По нашим расчетам, он должен был подойти к нашей позиции около пяти часов утра.
Мы начали готовиться к бою...
Ночь была темная. Сильная зыбь мешала работе гидроакустика. Северо-восток, откуда мы ожидали появления противника, затянуло туманом. Видимость упала до нескольких кабельтовых.
Ранним утром мимо самого носа нашей лодки неожиданно пронесся на полном ходу вражеский эскадренный миноносец. Волнением лодку сильно подбросило. Но с корабля нас не могли заметить, так как мы находились на фоне высоких скалистых гор.
Я понял, что мы не сумели своевременно обнаружить конвой. И это могло кончиться печально. Справа от нас двигалась армада кораблей: четыре транспорта в сомкнутом строю следовали один за другим, за ними шло много мелких судов. Эскадренный миноносец, жертвой которого мы чуть было не стали, шел головным на большой скорости.

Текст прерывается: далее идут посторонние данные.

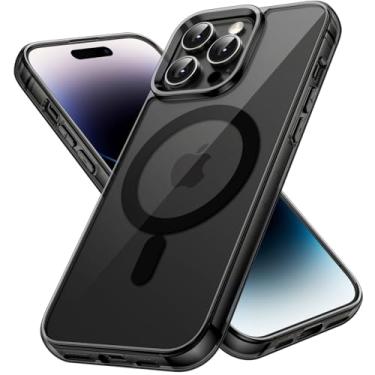 Imagem de JETech Capa Magnética para iPhone 14 Pro Max 6,7 Polegadas Compatível com o Carregamento sem fio MagSafe, Case para Celular à Prova de Choque, Capinha Parte Traseira Claro Anti-Riscos (Preto)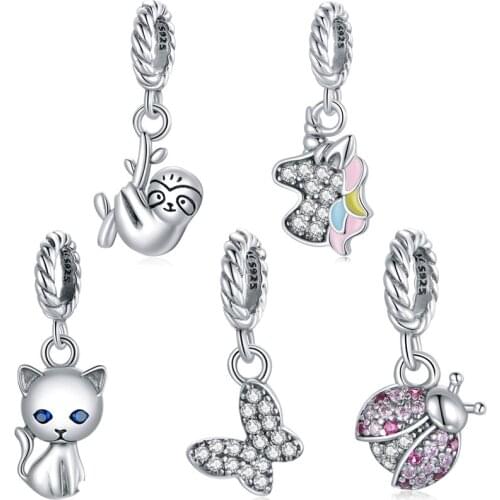 100% 925 sterling silver Colored pony charm sloth beads fit original Pandora bracelet women fine jewelry pendant making gift DIY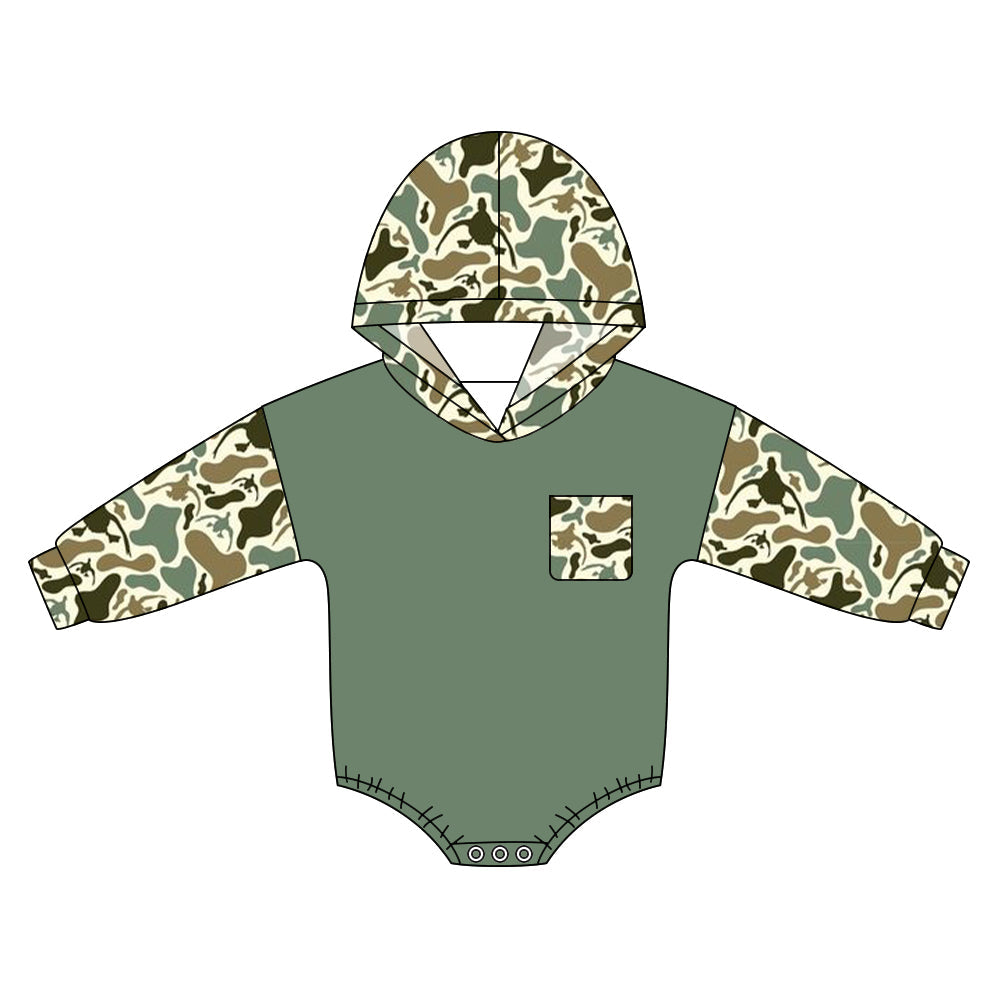 ( Moq 5 ) Preorder Baby Boys Long Sleeves Ducks Camo Pocket Hoodie Green Bubble Romper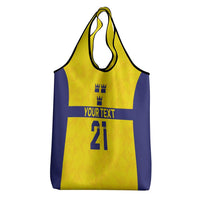Sweden Rugby Custom Grocery Bag Three Crowns of Sweden Gold Pattern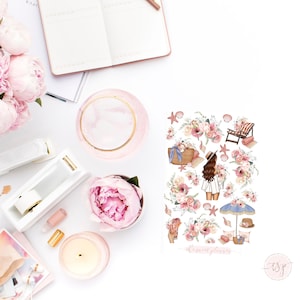 ビーチサンセット | デコステッカーシート | 花柄プランナーステッカー | ガーリープランナーステッカー | サマープランナーステッカー | バケーションステッカー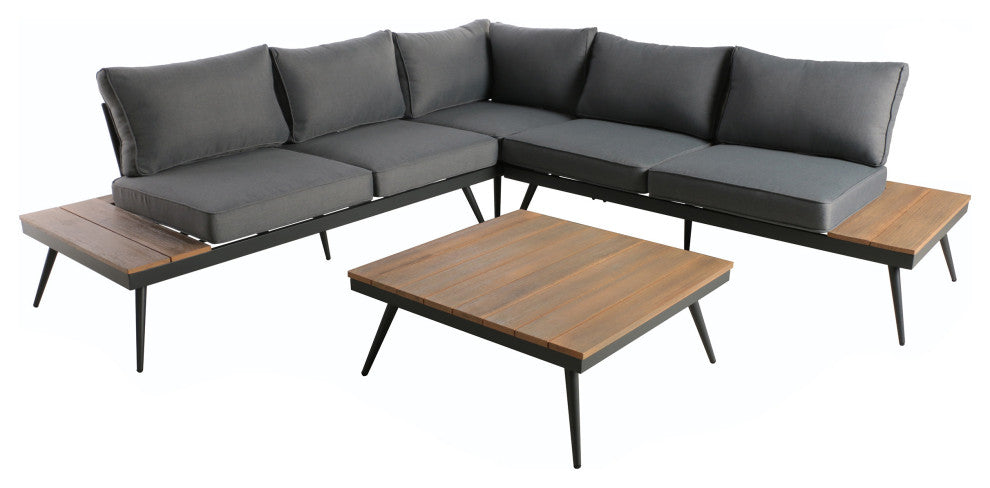 GDF Studio Deborah Outdoor Faux Wood and Aluminum V-Shaped 5 Seater Sofa Set, Natural Finish/Gray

- Оба полный назад! - скомандовал я вслед за объявлением боевой тревоги.
Я успел хорошо рассмотреть передний транспорт пассажирского типа водоизмещением 10-12 тысяч тонн. Его плохо затемненные иллюминаторы были отчетливо видны на близком расстоянии.
- Аппараты! Пли! - раздалась команда, когда форштевень первого транспорта достиг линии прицеливания. И торпеды понеслись по курсу подводной лодки.
Одна из них взорвалась у борта первого транспорта в районе фок-мачты. Пожар мгновенно охватил судно, которое на наших глазах переломилось пополам.
Но вот раздался новый взрыв. Это вторая торпеда попала в другой транспорт - третий в строю вражеских судов. Взрыв оказался еще более сильным. Горящие обломки судна, взлетевшие на большую высоту, падали в воду. А еще через несколько минут судно исчезло под водой.
Зарево от взрывов следующих двух торпед, попавших в цель, было таким ярким, что на подводной лодке капитана третьего ранга Каланина, находившейся в двадцати двух милях от мыса Нордкин, хотели было сыграть "срочное погружение", чтобы не быть замеченными береговыми постами наблюдения. Другая наша соседка (лодка капитана третьего ранга Колосова), находившаяся в семнадцати милях от нас, тоже видела зарево. В ее вахтенном журнале было записано: "По пеленгу 240 градусов две шапки пламени на горизонте".
Немудрено, что мы были обнаружены. Многочисленное охранение корабля (количество судов точно нам так и не удалось установить) бросилось в атаку на нас. А головной миноносец, как докладывал сигнальщик, открыл по лодке артиллерийский огонь. Проверить правильность доклада я не успел. Подводная лодка приближалась к берегу задним ходом и каждую минуту могла налететь на камни.
- Всё вниз! Срочное погружение!
Находившиеся на мостике кубарем скатились вниз. Через несколько минут мы были на глубине 55 метров. - Слева сорок шесть шум винтов приближается! послышался голос Бордока.
Я подал команду на уклонение, но в этот момент раздались взрывы первой серии глубинных бомб, ложившихся по левому борту подводной лодки. Противник, очевидно, бомбил наугад, не имея с нами гидроакустического контакта.